Specifically, a coach would no longer be allowed to challenge a play following a TV commercial timeout.
If the change is approved, a coach would have to throw their challenge flag within the first 30 seconds of the TV break.
Currently, where there is a TV timeout on the field, a coach can wait the entire duration of a break before deciding to challenge, as long as they do so before the next snap. The result can be a two-minute commercial break followed by a 90 second challenge, hampering the flow of the game.
The committee is also suggesting limiting the types of actions challengeable under Roughing the Passer to the pure definition of Rule 7.2.4. on page 56 of the CFL Rulebook, which applies to when a quarterback is in the act of passing or potentially passing the ball, and when the quarterback slides feet-first across the line of scrimmage.
Other unnecessary roughness penalties that may occur against the passer behind the line of scrimmage, such as grabbing the facemask or horse collar tackles, would no longer be challengeable.
As well, actions that occur when the quarterback is across the line of scrimmage running with the ball, a quarterback sneak and dead ball fouls on the quarterback would no longer be challengeable.
The committee believes this will reduce the number of challenges while still ensuring the quarterback is protected when in the act of passing or potentially passing the ball, the original intent of making roughing the passer reviewable.
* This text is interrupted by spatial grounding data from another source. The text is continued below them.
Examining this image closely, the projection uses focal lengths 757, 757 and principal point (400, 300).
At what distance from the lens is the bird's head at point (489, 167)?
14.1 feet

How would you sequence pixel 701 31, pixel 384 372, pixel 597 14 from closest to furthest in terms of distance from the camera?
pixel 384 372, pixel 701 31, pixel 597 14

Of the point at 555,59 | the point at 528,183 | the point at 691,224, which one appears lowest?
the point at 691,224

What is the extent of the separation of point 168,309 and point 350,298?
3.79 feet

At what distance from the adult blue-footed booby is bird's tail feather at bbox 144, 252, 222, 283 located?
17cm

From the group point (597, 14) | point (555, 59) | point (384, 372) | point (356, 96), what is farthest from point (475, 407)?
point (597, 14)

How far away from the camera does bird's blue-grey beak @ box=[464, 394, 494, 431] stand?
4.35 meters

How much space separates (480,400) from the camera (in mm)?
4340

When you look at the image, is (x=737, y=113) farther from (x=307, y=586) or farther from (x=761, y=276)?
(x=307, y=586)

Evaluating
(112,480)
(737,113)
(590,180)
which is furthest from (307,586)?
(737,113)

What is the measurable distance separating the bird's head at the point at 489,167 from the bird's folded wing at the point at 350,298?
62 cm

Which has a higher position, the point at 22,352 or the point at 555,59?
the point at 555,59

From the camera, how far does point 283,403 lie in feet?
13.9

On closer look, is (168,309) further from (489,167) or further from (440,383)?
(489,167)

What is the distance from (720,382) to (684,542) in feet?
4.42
It is also recommending retaining a rule change made at midseason least year, which put a timeout at risk for every coach challenge that is incorrect. The committee is also proposing that the replay official only a change a call where there is clear and indisputable evidence that it is wrong, rather than attempt to officiate plays to ensure they are correct.
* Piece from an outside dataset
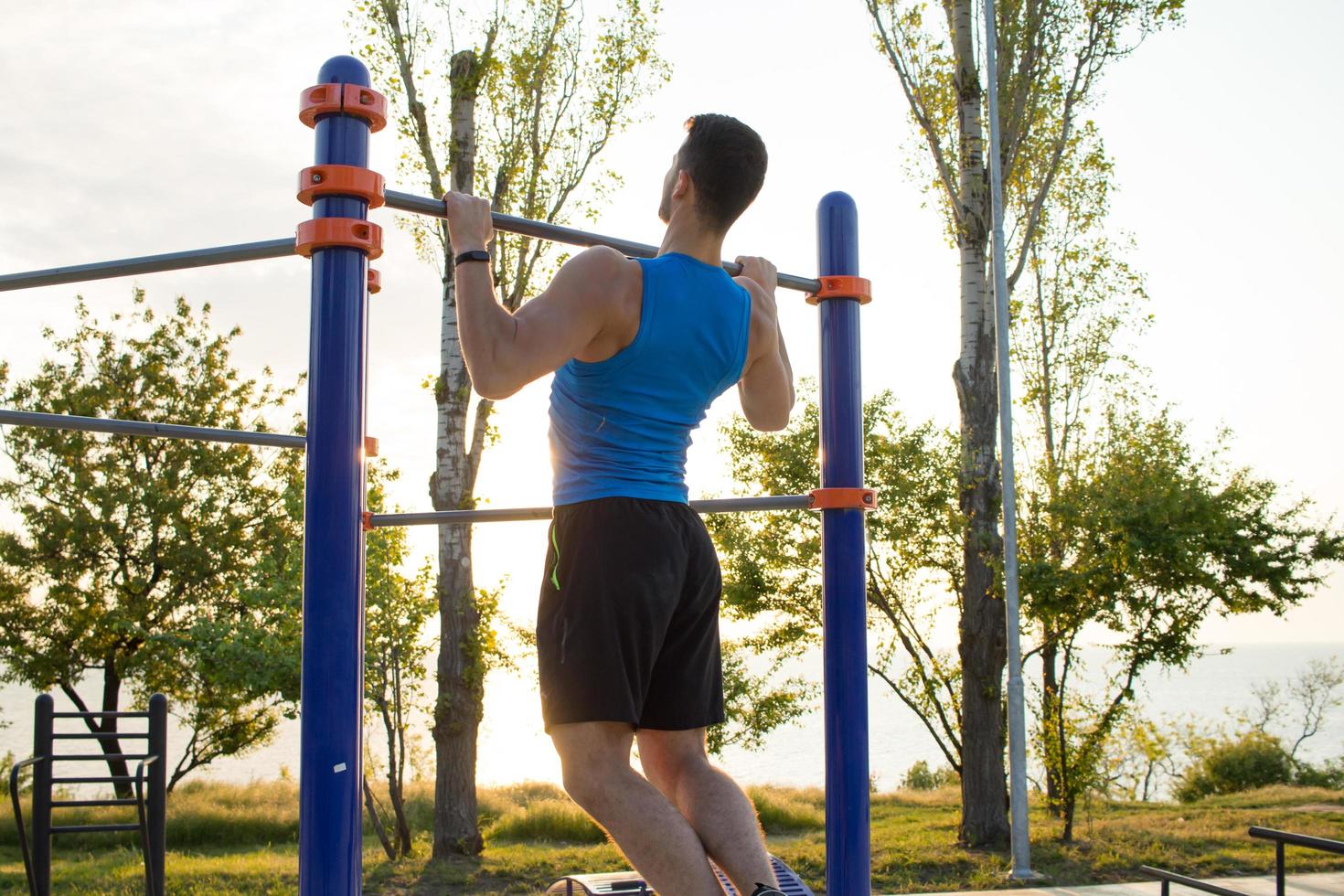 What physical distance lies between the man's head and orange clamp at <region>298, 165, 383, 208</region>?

Members believe these two combined measures, in place for a full season, will discourage coaches from using their challenges, especially as they put timeouts at risk. They estimate this can reduce the number of challenges by 20% or more while still allowing coaches to challenge big plays that have a material impact on the game.
Finally, TSN will go to commercial on every challenge they can. It’s estimated that 80% of challenges will now be done during a commercial, up from 20% last season. That will significantly reduce unnecessary stoppages in the game and improve the fan experience both in stadium and on broadcast.
The committee has also recommended increasing the duties of the video official in the Command Centre so they can correct errors when:
- a flag has been thrown for a line of scrimmage penalty (offside or procedure)
- a flag has been thrown for an unnecessary roughness penalty following a play and the video official sees other unnecessary roughness infractions
- a call for illegal contact on a receiver should be changed to defensive pass interference because the ball had been thrown
To further promote player safety, the committee wants to change all 10-yard illegal low block penalties to 15-yard unnecessary roughness penalties. The committee recognized the importance of signaling that such dangerous blocks have no place in the game.
The committee wants to prevent the return team on a kicking play from putting a player on the field a split second prior to the snap and trying to hide him so he can receive a lateral pass from the kick returner.
This sort of “sleeper play” would be subject to a 10-yard penalty.
All rules committee recommendations must be reviewed by the league’s competition committee and ultimately approved by its Board of Governors before they go into effect.
The rules committee includes representatives from every club, the Canadian Football League Players’ Association, the Canadian Professional Football Officials’ Association and the CFL.